5

I have some data like

A  2
A  4
A  76
B  8
B  13
.. ....

Basically, what is the spread of A, B, etc. What would be a suitable graph to visualize such information in R?

Gala
  • 8,323
  • 2
  • 28
  • 42
Kumar Vaibhav
  • 205
  • 2
  • 6
  • 2
    Can you provide some more information about your data. How many points might there be for "A", "B", etc? Are the values in the second column presumably continuous? – Ananda Mahto Jun 30 '13 at 09:42
  • Sure. Thanks for your response. The numeric values are age, so numeric data is not continuous but discrete.

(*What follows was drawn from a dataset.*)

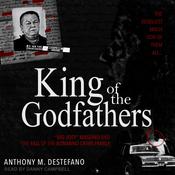 King of the Godfathers by  Anthony M. DeStefano audiobook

There can be any number of points for A, B, etc., ranging from, say, 1 to 150. – Kumar Vaibhav Jun 30 '13 at 09:46
  • How many values in each group? – Glen_b Jun 30 '13 at 09:49
  • So, there can be varying number of values in each group. Say, 20 for A and then 100 for B and then maybe 67 for C, and so on. – Kumar Vaibhav Jun 30 '13 at 09:52

3 Answers3

11

There are numerous possible displays, depending on what more specifically you want.

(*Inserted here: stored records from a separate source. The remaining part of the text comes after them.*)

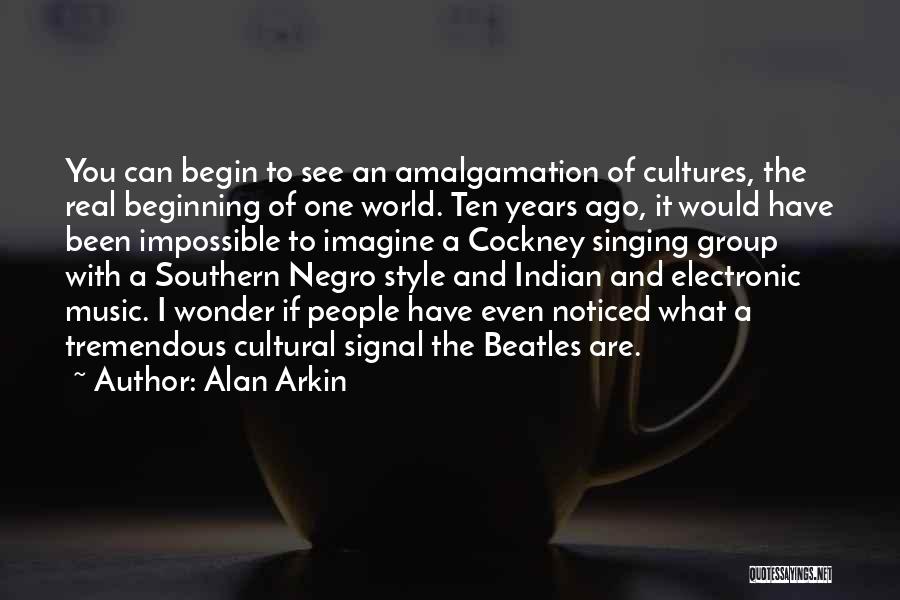 Alan Arkin Quotes: You Can Begin To See An Amalgamation Of Cultures, The Real Beginning Of One World. Ten Years Ago, It Would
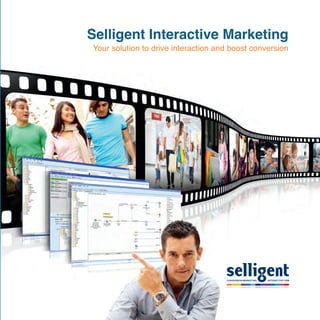 Selligent Interactive Marketing
Your solution to drive interaction and boost conversion




                                     CONVERSION MARKETING   INTERACTIVE CRM
 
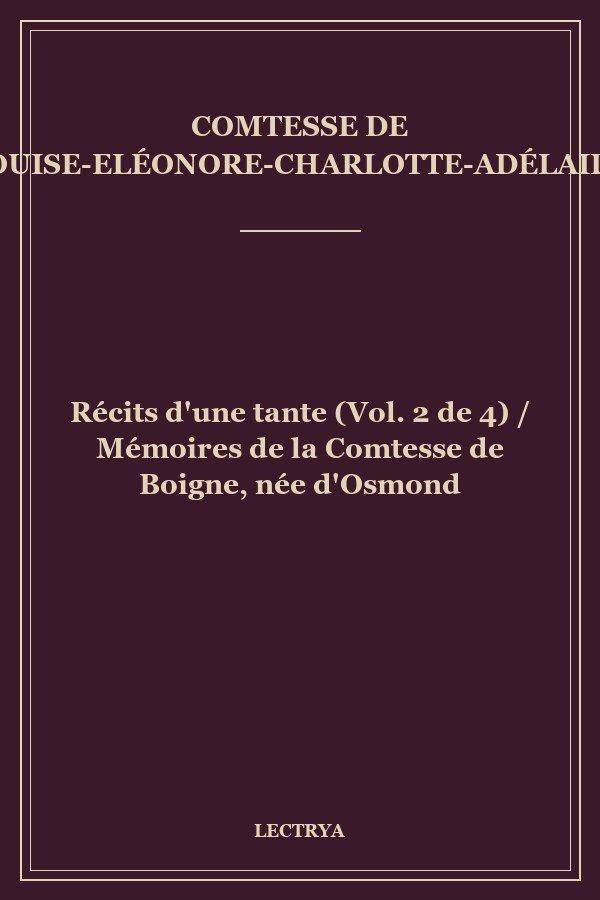 Récits d'une tante (Vol. 2 de 4) / Mémoires de la Comtesse de Boigne, née d'Osmond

One example would be a boxplot for each group (A, B, ...) (assuming there are enough values in each group to support one*):

boxplot(len~supp,data=ToothGrowth,horizontal=TRUE,boxwex=.7)

boxp

But you might want to look at histograms, ecdfs, or a number of other possibilities

* Edit: from your later comments, it looks like there's enough data for boxplots.

Glen_b
  • 257,508
  • 32
  • 553
  • 939
9

You already got some excellent answers but let me suggest another plot that was not mentioned yet (this is an example that I created to answer another question):

Dot plot

In R, it is available e.g. through stripchart() or ggplot2's geom_point() or geom_jitter(). (Jitter adds a little bit of noise to avoid too much overlap.) This plot allows you to look at the data somewhat more directly than histograms (which can be badly misleading, see Glen_b's great answer to another question) or boxplots (which are great but a little more complicated to understand and explain).

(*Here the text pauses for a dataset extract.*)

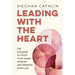 Leading With The Heart: The Courage to Trust Your Inner Wisdom and Rewrite Your Life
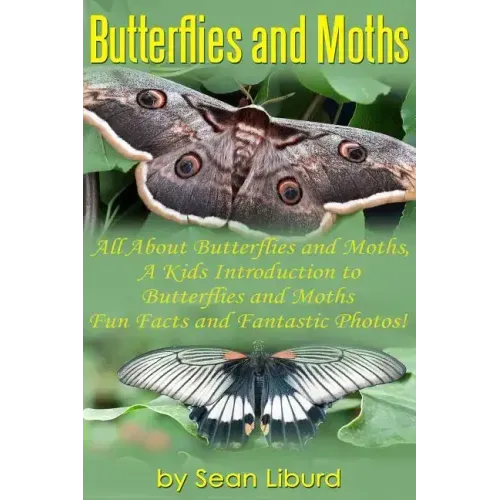 Butterflies and Moths: All about Butterflies and Moths, a Kids Introduction to Butterflies and Moths-Fun Facts and Fantastic Photos!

In GGPlot, you can also combine boxplots and jittered dots, see the documentation.

Gala
  • 8,323
  • 2
  • 28
  • 42
  • 1
    +1. There are many, many names for this plot. Dot and strip plots or charts are two of the most common. As "dot" is widely used in other senses, the name element "strip" is perhaps preferable, at least in searching for implementations (there are several, not just in R but also in all leading packages or languages, e.g. Stata `stripplot`). – Nick Cox Jun 30 '13 at 12:17
  • This is awesome! – Kumar Vaibhav Jun 30 '13 at 12:28
  • @NickCox +1 Thanks for the precisions, I was so confused by the names that I tried very hard not to choose one… Your comment reminded me of another R function to create a stripchart (now added to my answer). – Gala Jun 30 '13 at 12:48
  • But how do I make this if one of the axes doesn't have any numeric data? – Kumar Vaibhav Jun 30 '13 at 14:02
  • No problem i did it - ggplot() + geom_point(data=mydata, mapping=aes(x=mydata[,3], y=mydata[,2])) + coord_cartesian(xlim = c(5, 90)) + xlab("Age") + ylab("Something") + ggtitle("Demographic Analysis of Age and something") – Kumar Vaibhav Jun 30 '13 at 14:15
  • As the number of points increases, I would also suggest adding transparency *as well as* jitter. Or, you can use hollow circles.... These are created somewhat, by default, when using the `densityplot()` function from "lattice". – Ananda Mahto Jul 01 '13 at 09:03
8

As mentioned by Glen_b, there are a number of possibilities.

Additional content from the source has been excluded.